- Status: In force
- Year started: 2019
- Latest version: (06/19) June 2019
- Organization: ITU-T
- Committee: ITU-T Study Group 13
- Related standards: Y.3173, Y.3174, Y.3176, Y.3179, Y.3181
- Domain: machine learning, 5G
- License: Freely available
- Website: www.itu.int/rec/T-REC-Y.3172

= Y.3172 =

ITU-T recommendation

Y.3172 is an ITU-T Recommendation specifying an architecture for machine learning in future networks including 5G (IMT-2020). The architecture describes a machine learning pipeline in the context of telecommunication networks that involves the training of machine learning models, and also the deployment using methods such as containers and orchestration.

A set of architectural requirements and specific architectural components needed to satisfy these requirements are presented.
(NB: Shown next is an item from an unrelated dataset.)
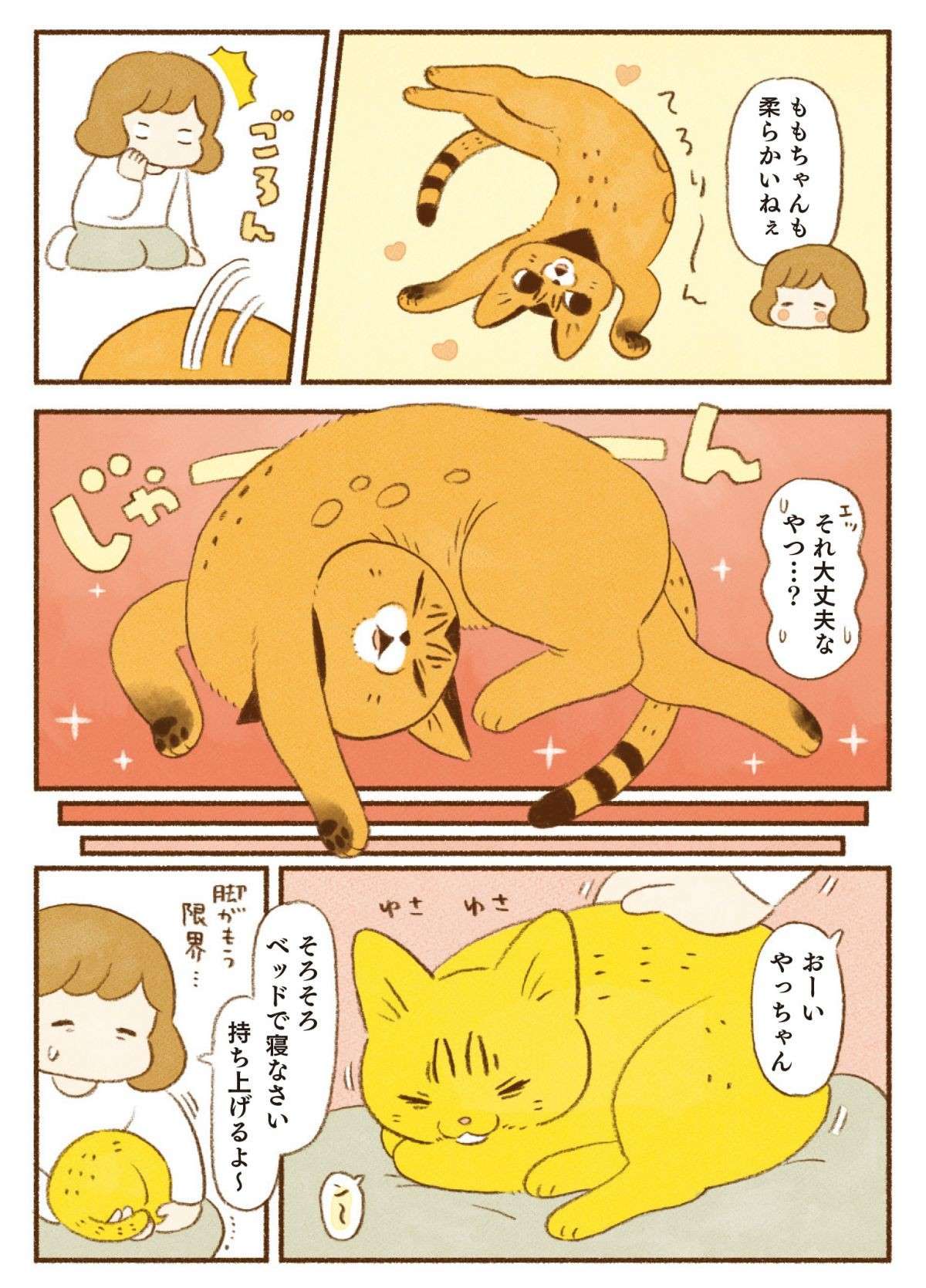 「猫は液体」というけど...こういう時だけは漬物石のようにギチチチチ／しまねこ3姉妹と暮らしています shimaneko_p65.jpg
This includes i.a., machine learning pipeline as well as machine learning management and orchestration functionalities. Additionally, the standard describes the integration of such components into future networks including IMT-2020 as well as guidelines for applying this architectural framework in a variety of technology-specific underlying networks.
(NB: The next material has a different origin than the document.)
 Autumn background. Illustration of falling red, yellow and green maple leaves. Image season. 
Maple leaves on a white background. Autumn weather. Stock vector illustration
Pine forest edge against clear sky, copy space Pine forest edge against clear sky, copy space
The Recommendation Y.3173 builds upon Y.3172 by specifying a framework for evaluation intelligence levels of future networks.

== Machine Learning pipeline ==
- 'SRC' (source): This node is the source of data that can be used as input to the ML pipeline.
- 'C' (collector): This node is responsible for collecting data from one or more SRC nodes.
- 'PP' (preprocessor): This node is responsible for cleaning data, aggregating data or performing any other preprocessing needed for the data to be in a suitable form so that the ML model can consume it.
- 'M' (model): This is a machine learning model, in a form which is usable in a machine learning pipeline.
- 'P' (policy): This node enables the application of policies to the output of the model node.
- 'D' (distributor): This node is responsible for identifying the SINK(s) and distributing the output of the M node to the corresponding SINK nodes.
- 'SINK': This node is the target of the ML output on which it takes action.

== History ==
At the 2017 AI for Good summit the idea for a Focus Group on Machine Learning for 5G (FG-ML5G) arose, similar to the way the summit gave rise the ITU-WHO Focus Group on Artificial Intelligence for Health. The Focus Group finalized the standard in May 2019 and submitted it to ITU-T Study Group 13 (its parent body) for adoption as an ITU-T Recommendation, which happened in June 2019.

Based on Y.3172 ITU launched an AI/ML 5G Challenge, on implementing this architecture.